Dec 052008
 

Dec 5, 2008

Graham Warwick and John M. Doyle
Heavy turbulence has thwarted the second attempt to deliver the first General Atomics Predator B unmanned air vehicle (UAV) to Grand Forks Air Force Base, N.D., today for duty patrolling the U.S.-Canadian border.The 64-foot wingspan UAV turned back before mid-day because of the rough air about 300 miles north of U.S. Customs and Border Patrol (CBP) Air & Marine’s UAV base in Sierra Vista, Ariz. Better weather conditions were forecast for a third attempt on Dec. 6, according to Juan Munoz Torres, a CBP A&M spokesman.

The Predator B will be based at a special UAV operations center at the N.D. airbase, about 13 miles from Grand Forks International Airport, where CBP A&M maintains an air branch with manned rotary and fixed-wing aircraft. The latest UAV, CBP’s fourth Predator, originally was scheduled to arrive Dec. 4 but was delayed by a communications problem at Sierra Vista, where three Predators are based to patrol the southern border with Mexico.

While the UAVs patrol the U.S. southern border border at night, CBP A&M says some of the flights along the northern border could be conducted in daylight. The agency plans to begin operations in late January 2009, but has still to reach agreement with the FAA on the flight restrictions to be imposed when the UAV is flying.

The northern Predator will be controlled locally from Grand Forks but data from its synthetic-aperture radar and electro-optical/infrared sensors will be piped to CBP operations centers in Washington, D.C., and Riverside, Calif. Eventually, the UAV will be controlled via satellite communications from the CBP A&M Operations Center in Riverside.

CBP will receive its fifth Predator before year-end. Only one vehicle will be based in Grand Forks initially, but the agency expects at least four will be needed to maintain patrol of the northern border.
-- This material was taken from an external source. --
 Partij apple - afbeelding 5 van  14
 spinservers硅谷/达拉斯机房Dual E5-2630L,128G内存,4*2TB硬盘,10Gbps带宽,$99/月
Meantime, eight U.S. Air Force Predator As are scheduled to arrive at Grand Forks beginning in early 2009 and will be flown by the North Dakota Air National Guard. The Guard’s 178th Reconnaissance Squadron – recently converted from flying F-16s – is helping the ANG’s three UAV squadrons double its combat air patrols in Iraq and Afghanistan (Aerospace DAILY, Aug. 22). Since 2005, ANG Predator units have been formed in California, Arizona and North Dakota and maintain several overseas combat air patrols on an around-the-clock basis.